Friday, February 02, 2018

The Nunes Memo Casts More Suspicion on the GOP Than It Casts On The FBI

In early 1933, Adolf Hitler became Chancellor of Germany.

In March, their parliament passed the Enabling Act that gave Hitler dictatorial powers.

In December 1933, the oaths sworn by members of the armed forces, law enforcement and the civil service, were changed from an oath to serve Germany to an oath to obey Adolf Hitler. A loyalty oath. A personal loyalty oath.

This recent news about Trump’s demand of personal loyalty from DOJ officials and FBI officials has a very dark precedent not from American tradition but from Nazi Germany.

I am not surprised Donald Trump would go this way. I am dismayed and disturbed to see how Republicans are enabling him. (See the Enabling Act, above)

When will Republicans stand up for American law and order and push back?

Republican leaders are charging that the FBI, the DOJ, and our intelligence agencies are biased. The President* sees this bias in anyone who threatens him by investigating matters that might incriminate him, anyone who threatens him by fulfilling his or her duties, who won't swear an oath to Donald Trump. The latest fears of Donald Trump stem from FBI agents following probable cause to investigate matters that seem to involve the president himself.

This "bias" Trump is objecting to appears to be based on something called probable cause. Probable cause is information that hasn't been proved yet, but probable cause prompts further investigation and these elements of probable cause are part of the application for a warrant.

The key point is this: Probable cause to investigate a crime does not vacate any investigation because of bias.

If law enforcement has probable cause to investigate they are obligated to investigate. Saying otherwise amounts to dangerous blindness to official duty. Saying otherwise indicates a greater loyalty to a probable lawbreaker than to the law.

What makes this especially alarming is we see Republicans, the majority party––with enormous power that they are asserting maximally–– stating a strange opinion that reaching a level of high suspicion or concern, rather than bolstering the case for further investigation, by some bizarre logic undermines the case.

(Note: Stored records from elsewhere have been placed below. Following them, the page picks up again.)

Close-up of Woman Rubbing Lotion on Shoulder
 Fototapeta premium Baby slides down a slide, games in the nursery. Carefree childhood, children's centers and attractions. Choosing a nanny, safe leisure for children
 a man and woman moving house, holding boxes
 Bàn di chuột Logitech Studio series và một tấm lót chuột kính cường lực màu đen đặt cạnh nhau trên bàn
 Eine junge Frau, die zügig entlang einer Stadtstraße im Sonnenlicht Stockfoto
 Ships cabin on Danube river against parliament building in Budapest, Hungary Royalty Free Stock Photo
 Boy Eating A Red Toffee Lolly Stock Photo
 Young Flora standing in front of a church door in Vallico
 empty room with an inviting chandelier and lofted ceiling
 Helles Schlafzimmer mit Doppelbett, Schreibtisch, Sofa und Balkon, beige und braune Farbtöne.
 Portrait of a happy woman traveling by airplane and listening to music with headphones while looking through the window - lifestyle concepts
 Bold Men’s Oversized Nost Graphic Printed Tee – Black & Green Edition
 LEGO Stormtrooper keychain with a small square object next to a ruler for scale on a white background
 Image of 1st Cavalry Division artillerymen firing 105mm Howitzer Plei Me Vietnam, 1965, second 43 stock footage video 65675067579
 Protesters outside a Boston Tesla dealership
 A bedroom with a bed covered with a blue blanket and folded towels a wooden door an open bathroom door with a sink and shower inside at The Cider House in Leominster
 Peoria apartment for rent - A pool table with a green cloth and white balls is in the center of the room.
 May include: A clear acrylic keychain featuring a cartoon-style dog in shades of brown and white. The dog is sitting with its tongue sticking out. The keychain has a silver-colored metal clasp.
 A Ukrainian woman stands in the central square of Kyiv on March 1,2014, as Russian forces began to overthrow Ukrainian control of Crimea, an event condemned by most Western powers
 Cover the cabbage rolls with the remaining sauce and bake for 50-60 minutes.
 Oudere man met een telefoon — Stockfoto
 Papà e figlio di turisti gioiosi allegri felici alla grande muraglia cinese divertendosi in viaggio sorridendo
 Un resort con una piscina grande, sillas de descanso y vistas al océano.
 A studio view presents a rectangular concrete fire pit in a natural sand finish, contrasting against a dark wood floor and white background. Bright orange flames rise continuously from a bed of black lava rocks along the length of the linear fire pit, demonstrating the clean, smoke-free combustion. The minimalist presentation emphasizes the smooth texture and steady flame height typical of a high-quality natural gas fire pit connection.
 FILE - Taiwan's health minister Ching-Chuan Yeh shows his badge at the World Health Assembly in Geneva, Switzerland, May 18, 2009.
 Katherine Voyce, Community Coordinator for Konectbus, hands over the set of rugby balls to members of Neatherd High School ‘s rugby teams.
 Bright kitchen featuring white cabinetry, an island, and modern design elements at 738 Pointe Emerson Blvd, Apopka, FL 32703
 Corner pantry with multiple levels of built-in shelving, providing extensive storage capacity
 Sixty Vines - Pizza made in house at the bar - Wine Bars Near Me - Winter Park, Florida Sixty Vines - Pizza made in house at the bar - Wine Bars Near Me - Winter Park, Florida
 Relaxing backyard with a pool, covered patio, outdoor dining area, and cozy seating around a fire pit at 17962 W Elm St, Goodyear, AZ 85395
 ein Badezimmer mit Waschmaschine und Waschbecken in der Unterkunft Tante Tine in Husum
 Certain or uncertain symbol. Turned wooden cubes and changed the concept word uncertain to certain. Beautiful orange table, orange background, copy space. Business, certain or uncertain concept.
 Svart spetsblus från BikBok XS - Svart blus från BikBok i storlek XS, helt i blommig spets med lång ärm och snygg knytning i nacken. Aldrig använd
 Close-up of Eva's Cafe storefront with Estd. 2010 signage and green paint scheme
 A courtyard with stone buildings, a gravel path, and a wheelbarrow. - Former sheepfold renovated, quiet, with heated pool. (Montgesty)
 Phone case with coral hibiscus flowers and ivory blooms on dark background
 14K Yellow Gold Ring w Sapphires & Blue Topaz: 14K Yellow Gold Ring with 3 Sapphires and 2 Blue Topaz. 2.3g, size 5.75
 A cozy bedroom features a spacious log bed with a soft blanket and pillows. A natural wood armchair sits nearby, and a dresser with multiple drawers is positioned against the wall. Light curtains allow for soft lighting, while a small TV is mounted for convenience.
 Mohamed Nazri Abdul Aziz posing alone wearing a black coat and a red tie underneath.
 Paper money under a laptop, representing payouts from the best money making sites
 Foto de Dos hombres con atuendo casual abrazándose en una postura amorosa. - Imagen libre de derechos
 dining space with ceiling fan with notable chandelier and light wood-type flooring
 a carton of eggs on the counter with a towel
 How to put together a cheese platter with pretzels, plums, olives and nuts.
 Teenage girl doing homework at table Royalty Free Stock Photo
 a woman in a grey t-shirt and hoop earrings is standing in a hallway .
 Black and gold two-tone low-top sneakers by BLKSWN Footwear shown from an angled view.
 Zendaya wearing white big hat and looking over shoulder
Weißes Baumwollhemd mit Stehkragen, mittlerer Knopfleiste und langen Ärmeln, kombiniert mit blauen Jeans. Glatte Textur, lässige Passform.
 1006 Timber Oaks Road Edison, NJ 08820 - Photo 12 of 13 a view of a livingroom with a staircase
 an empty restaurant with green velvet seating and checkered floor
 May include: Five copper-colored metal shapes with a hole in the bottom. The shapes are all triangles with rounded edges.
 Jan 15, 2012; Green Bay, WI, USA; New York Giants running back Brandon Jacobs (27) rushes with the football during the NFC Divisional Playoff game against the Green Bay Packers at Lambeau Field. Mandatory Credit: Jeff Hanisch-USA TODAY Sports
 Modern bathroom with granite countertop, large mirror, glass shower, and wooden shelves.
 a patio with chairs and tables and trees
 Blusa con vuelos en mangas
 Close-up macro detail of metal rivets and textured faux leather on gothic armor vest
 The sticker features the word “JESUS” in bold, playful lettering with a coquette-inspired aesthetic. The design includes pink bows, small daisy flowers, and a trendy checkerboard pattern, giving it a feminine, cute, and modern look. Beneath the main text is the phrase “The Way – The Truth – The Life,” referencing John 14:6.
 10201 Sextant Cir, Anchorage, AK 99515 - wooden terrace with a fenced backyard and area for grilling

The Republicans in Congress are siding with a president who may in fact be compromised by the Russian government, who has throughout his career shown a great tendency to lie, to cheat, to show bias and act in a bigoted manner, to hire and work with organized criminals, to admire criminals, to associate with and admire foreign dictators, and to side with foreign dictators, enemies of this country, and their intelligence apparatus, against our own intelligence professionals whose job is to protect our national security.

The Republicans are siding with someone who has triggered mountains of probable cause concern against the law enforcement professionals who are seeking to find out if these concerns are borne out by further evidence. (Imagine if a career mobster were to raise these arguments. He would be laughed at by Americans from both ends of the political spectrum.)

We face not only a constitutional crisis but a national security crisis and we are being led by a Republican Party that behaves like a criminal organization with close ties to the Russian president.

What sources of anti-terrorist intelligence or intelligence that might strengthen our national security will feel confident enough to share that information with us when Republican in high office will misuse it and expose the sources of the information?

Where are the elders of the party? Where are the responsible Republican officeholders, if any remain?